Ainsi, selon le gouvernement fédéral, la Loi sur la protection des enfants contre les cyberprédateurs :

  • simplifiera le processus de demande de mandat ou d’ordonnance lorsqu’une enquête nécessite des interceptions ;
  • mettra à jour certaines infractions du Code criminel pour tenir compte des nouvelles façons de commettre des crimes ;
  • créera de nouveaux outils d’enquête, soigneusement adaptés, comme les ordonnances de préservation et de communication, dans le Code criminel et la Loi sur la concurrence ;
  • habilitera le Canada à ratifier la Convention sur la cybercriminalité et son Protocole additionnel relatif à l’incrimination d’actes de nature raciste et xénophobe ; et
  • ajoutera des mesures de protection en matière de notification et de rapports pour les interceptions effectuées dans des circonstances exceptionnelles.

Le projet de loi n’a toutefois pas fait l’objet de débat depuis, ayant été laissé aux oubliettes suite aux commentaires faits par les défenseurs de la vie privée.
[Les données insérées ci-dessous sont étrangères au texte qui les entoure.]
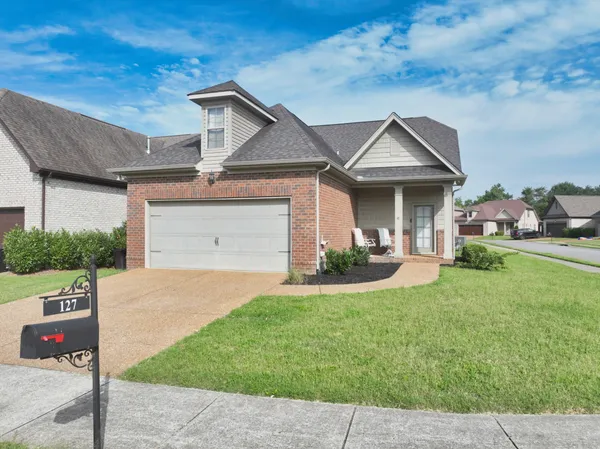 $444,900 | 127 England Place, Hendersonville, TN 37075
Mais les choses pourraient changer. C’est du moins ce que l’association canadienne des chefs de police réclame en pressant le gouvernement d’adopter au plus vite le projet de loi C-30. Dans l’intervalle, la cyberintimidation continue de faire des victimes et, à défaut d’avoir des règles claires, certains s’aventurent à demander des peines d’emprisonnement.

En attendant de voir la Loi sur la protection des enfants contre les cyberprédateurs être adoptée, le Code criminel amendé, des outils offerts aux policiers pour démasquer ces cybercriminels « anonymes », il est temps de prévenir… avant de devoir guérir, si guérison il y a. En effet, l’heure est sonnée de dénoncer ceux qui empoisonnent la vie d’autrui par des mots, lourds de sens et de conséquences, laissés sur la toile.